Two US lawmakers who handle intelligence issues said Sunday that President Barack Obama was wrong to accept a peaceful nuclear program with Iran that would include enrichment privileges.
“I think the administration has to push for ... a peaceful program without enrichment. I wouldn’t begin the process by conceding anything on enrichment,” Rep. Adam Schiff (D-Calif.) said on CNN’s “State of the Union” show. Schiff serves on the House Select Intelligence Committee.
House Homeland Security Chairman Mike McCaul (R-Texas) agreed with Schiff.
“I happen to agree with my colleague. If we can have a civilian program without nuclear enrichment, then fine.
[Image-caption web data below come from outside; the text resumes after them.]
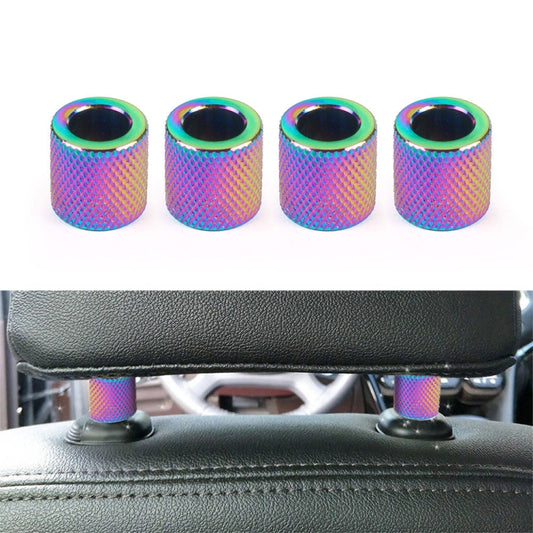 4 in 1 Car Seat Headrest Collars Rings Decor(Colorful) - Decoration Rings by PMC Jewellery | Online Shopping South Africa | PMC Jewellery | Buy Now Pay Later Mobicred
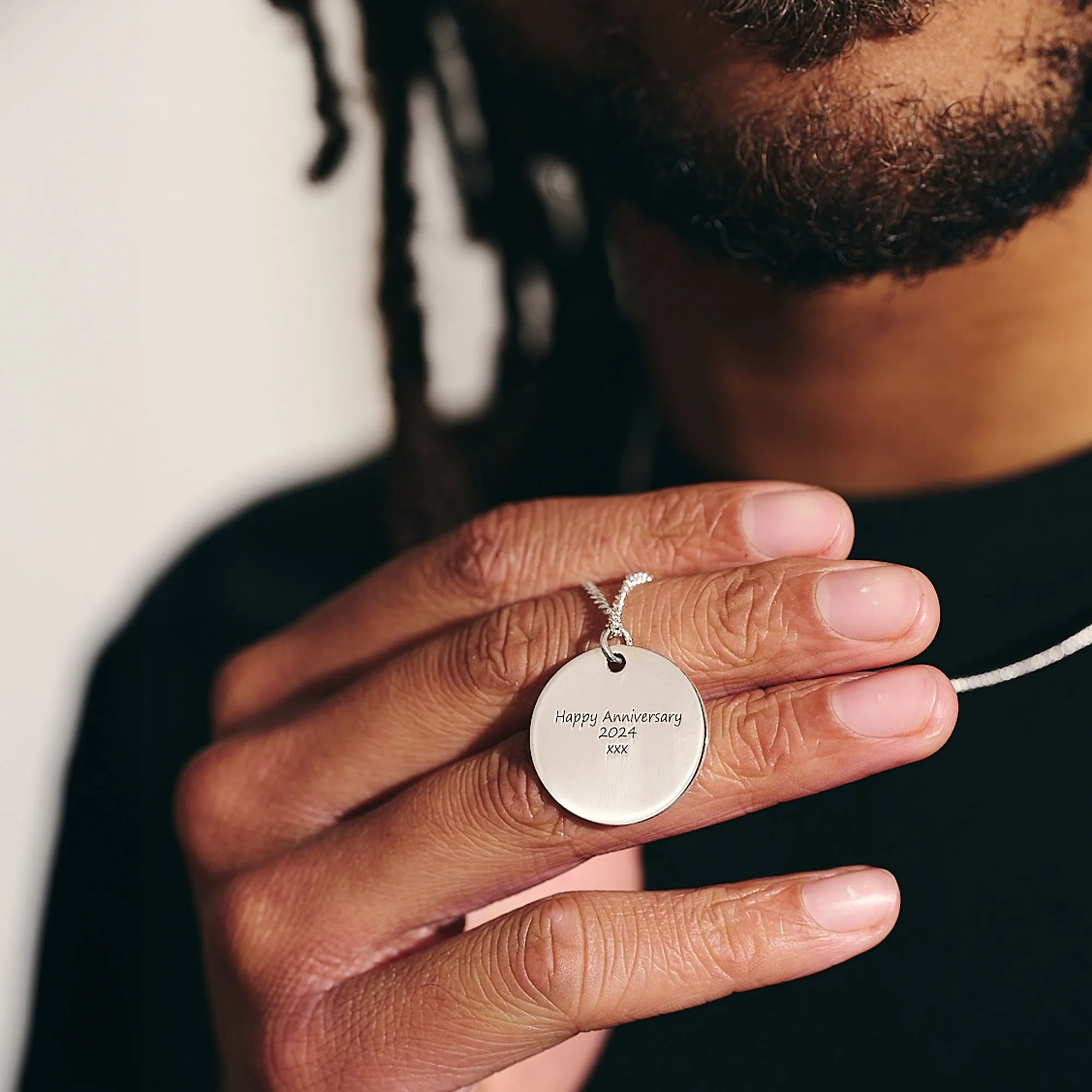 Bespoke Star Map Constellation Necklace - 25mm Disc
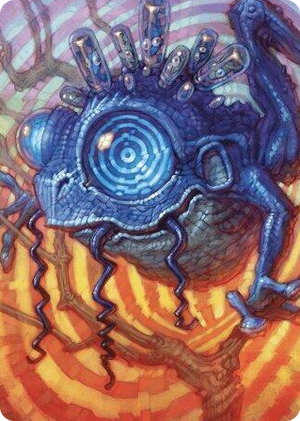 0041 Psychic Frog Art Card S Art Series: Modern Horizons 3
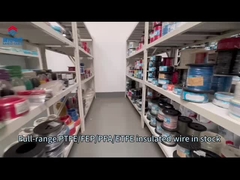 Cable de instrumentación aislado de PTFE de cobre plateado de alta temperatura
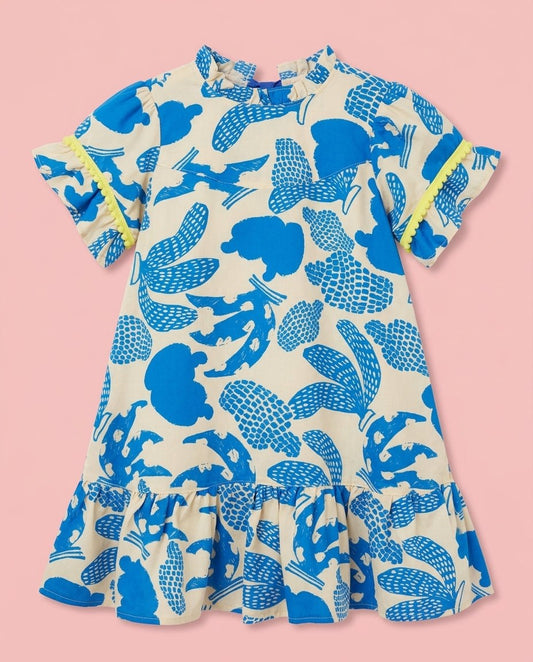 Vestido Jardim Azul Tropical - foto 1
That’s the goal we both share on both sides of the aisle,” McCaul said on the program.
The statements are at odds from what President Obama described on Saturday at Brookings Institution’s Saban Forum.
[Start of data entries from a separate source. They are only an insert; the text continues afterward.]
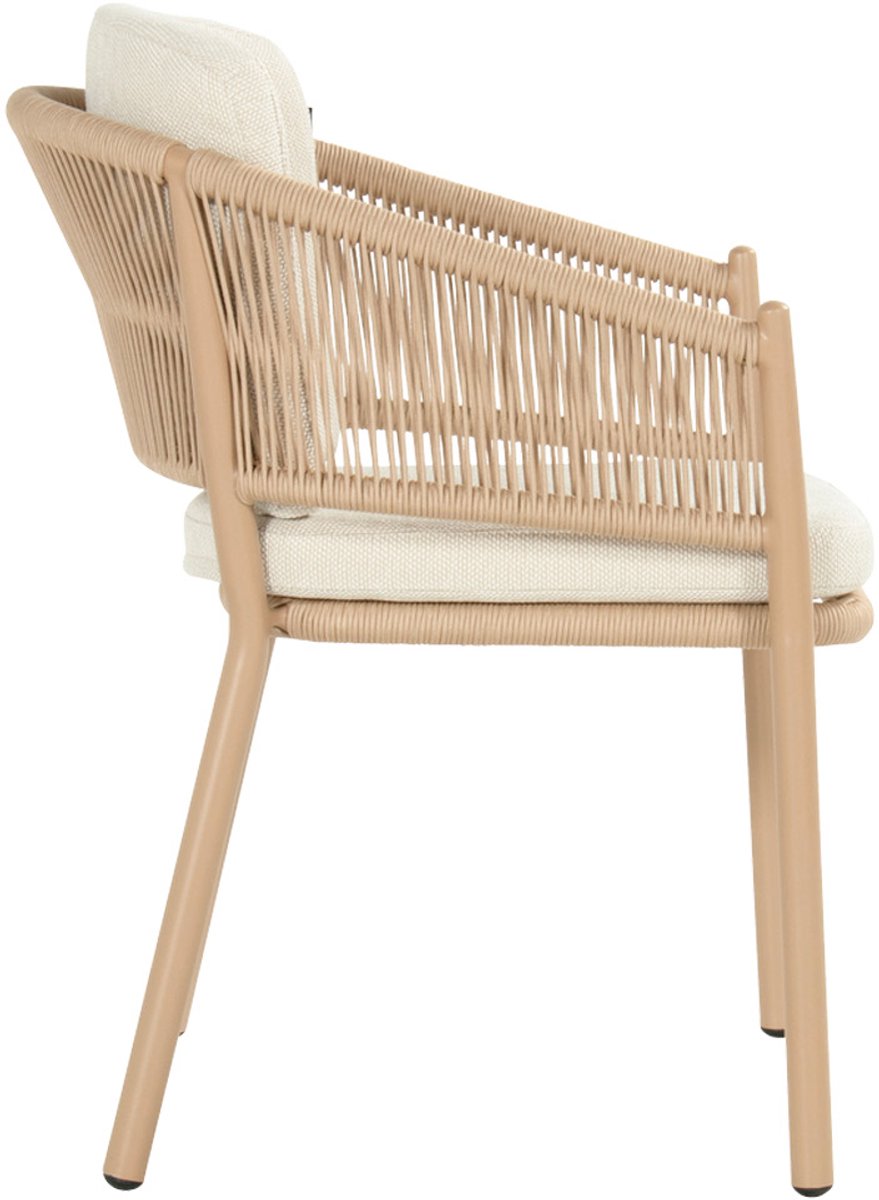 Hartman chaise de jardin dining Altea - Cappuccino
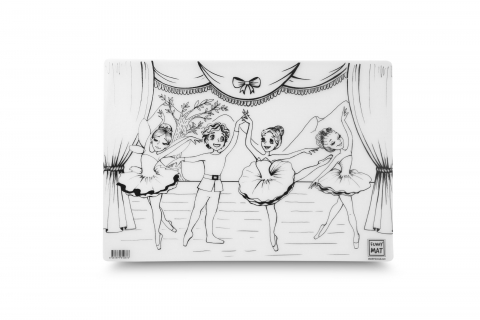 Plansa reutilizabila cu desene de colorat, model Dansatori,30x40 cm [1]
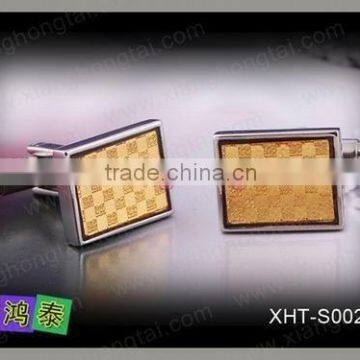 High quality cylinder cufflink for christmas gift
"We can envision a comprehensive agreement that involves extraordinary constraints and verification mechanisms and intrusive inspections but that permits Iran to have a peaceful nuclear program," Obama said.
Reps. Schiff and McCaul join a group of congressmen on both sides of the aisle who support a harder line than Obama has been exhibiting, with regard to Iran's nuclear program. Congress may decide to stiffen sanctions against Iran, despite Obama's strong objection to such a move.
A final deal with no enrichment would not be realistic, Obama said at the Saban Forum, and would only happen in an “ideal world.”